Re: [PATCH] irqchip/gic-v4.1: Optimize the delay time of the poll on the GICR_VPENDBASER.Dirty bit
From: Marc Zyngier
Date: Wed Sep 16 2020 - 04:39:48 EST
On 2020-09-16 08:04, lushenming wrote:
Hi,
Our team just discussed this issue again and consulted our GIC hardware
design team. They think the RD can afford busy waiting. So we still
think
maybe 0 is better, at least for our hardware.
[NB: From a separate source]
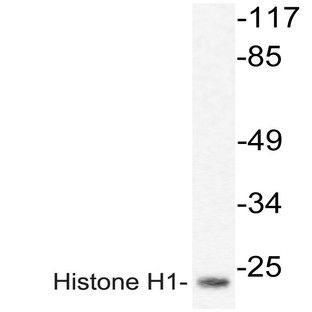 Histone H1oo (P18) pAb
In addition, if not 0, as I said before, in our measurement, it takes
only
hundreds of nanoseconds, or 1~2 microseconds, to finish parsing the VPT
in most cases. So maybe 1 microseconds, or smaller, is more
appropriate.
Anyway, 10 microseconds is too much.
But it has to be said that it does depend on the hardware
implementation.
Exactly. And given that the only publicly available implementation is
a software model, I am reluctant to change "performance" related things
based on benchmarks that can't be verified and appears to me as a micro
optimization.
Besides, I'm not sure where are the start and end point of the total
scheduling
latency of a vcpu you said, which includes many events. Is the parse
time of
the VPT not clear enough?
Measure the time it takes from kvm_vcpu_load() to the point where the
vcpu
enters the guest. How much, in proportion, do these 1/2/10ms represent?
Also, a better(?) course of action would maybe to consider whether we
should
split the its_vpe_schedule() call into two distinct operations: one that
programs the VPE to be resident, and another that poll the Dirty bit
*much
later* on the entry path, giving the GIC a chance to work in parallel
with
the CPU on the entry path.
If your HW is a quick as you say it is, it would pretty much guarantee
a clear read of GICR_VPENDBASER without waiting.
M.
--
Jazz is not dead. It just smells funny...